Sunday, 24 May 2020

Heart of Worship - Isaiah 1 and Amos 5

There are times when God can be right narky - seen in some of the scripture passages. For example Isaiah 1 verses 10 to 15 God seems to be having a full on rant! Fed up with the sacrifices and offerings of the people - in fact the very practices of worship He prescribed back in the Exodus times. We might think such a rant can't apply to us, since in Jesus we have moved on from primitive animal sacrifices to the sophistication of our worship songs. But not so fast - read Amos 5 verses 21 to 24. Away with the music too!

 Let's pause and check the contexts of these two passages. Both fan out to the issue of social justice - to do right by God by doing right to other people. A poignant concept, since in our present day society is brimming over with social injustices too. Justin Welby was right on the news only last weekend to highlight the 'idolatry of wealth' in our society.

Our heart being truly open to God will directly connect with how we treat others: the vertical (to God) and the horizontal (to others) are always linked. That is why our Countess Free Church motto is Seeking to Worship, Seeking to Serve - capturing that link between worship and community activity. Our true worship is therefore expressed (shown in practice) by how we are with others - and seen through what we do in relation to those around us. One way to look at this is fruit - what is produced in our lives. Remember that of the 9 fruit listed in Galatians 5, at least half are about how we relate to others. Not surprisingly Jesus said about true disciples 'You will know them by their fruit'.

This lockdown has been fascinating. The first thing it did was strip everything away - our meetings, our singing together, it all went within a week! But does that mean we can't worship? No!

Worship starts with an audience of one, i.e. just us and God - our heart before Him, being caught in His gaze, and gazing on Him. It develops to declaration, us telling about God ... but it is then expressed in practice with the actions we take, especially among the last, the least and the lost.

The audience of one thing means that you can start whatever the circumstances. In solitary confinement, in lockdown, on our own with just yourself or your family? In all these situations you can worship! It begins by recognising that God is God, and we are Not!

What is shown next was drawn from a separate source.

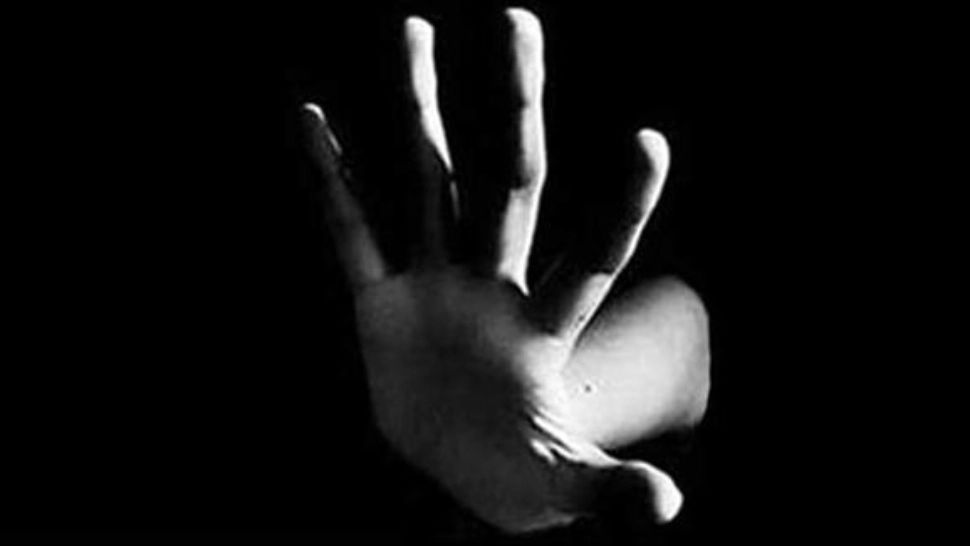 Vânzătorul-agresor. Mai multe fete de 12 ani, „abordate” într-un magazin, de către un bărbat de 73 de ani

Do the Isaiah and Amos passages mean that the sacrifices and even the worship music are wrong? No - but remember this principle: for any thing that we might put together as an act of worship ... we can (if not careful) make it become an idol in itself. We can swap it in to be worshipped instead of God, putting the created above the creator. It is all put together by humans who can subtly allow it to become a substitute for the real thing ... until it is stripped away and our true hearts are laid bare.

The true heart of worship, in whatever circumstances, asks 'What would you have me bring to you, and to those around me?'.

Worship starts with just us and God: me as created, God as creator ... it moves on to declaration and then develops to practical expression to those around me. Note the declaration is in multiple directions: it is to God (the audience of one thing), but it is also to myself (me reminding myself the wonders of God). When we meet it is to each other. And it is also to the heavenlies - the unseen spiritual powers.

It can use any form: art, poetry, music ... they can all usefully help express the mood and surge the senses. Yet all these forms are merely vehicles, they are means to an end, not the end in themselves.

Eventually lockdown restrictions will lift and we will be able to gather (I look forward to it!). When we come, let us not come to worship, but let us come worshipping. Let our gatherings be a coming together, where each of us overflows from our own hearts already set towards God. Let us desire to declare together, to corporately gaze on Him and declare to God, ourselves, each other ... and to the heavenlies the wonders of God.

We will commission our musicians to help lead us, to aid the collective expression of mood. But let us not sub-contract to the musicians, somehow letting them 'do the worship' for us. And let us recognise that no matter how spiritually uplifting those gathered times are, no matter how spiritually intense, they are but one component of our worship - a worship that must be expressed through how we are with others outside the gathering, through the whole week.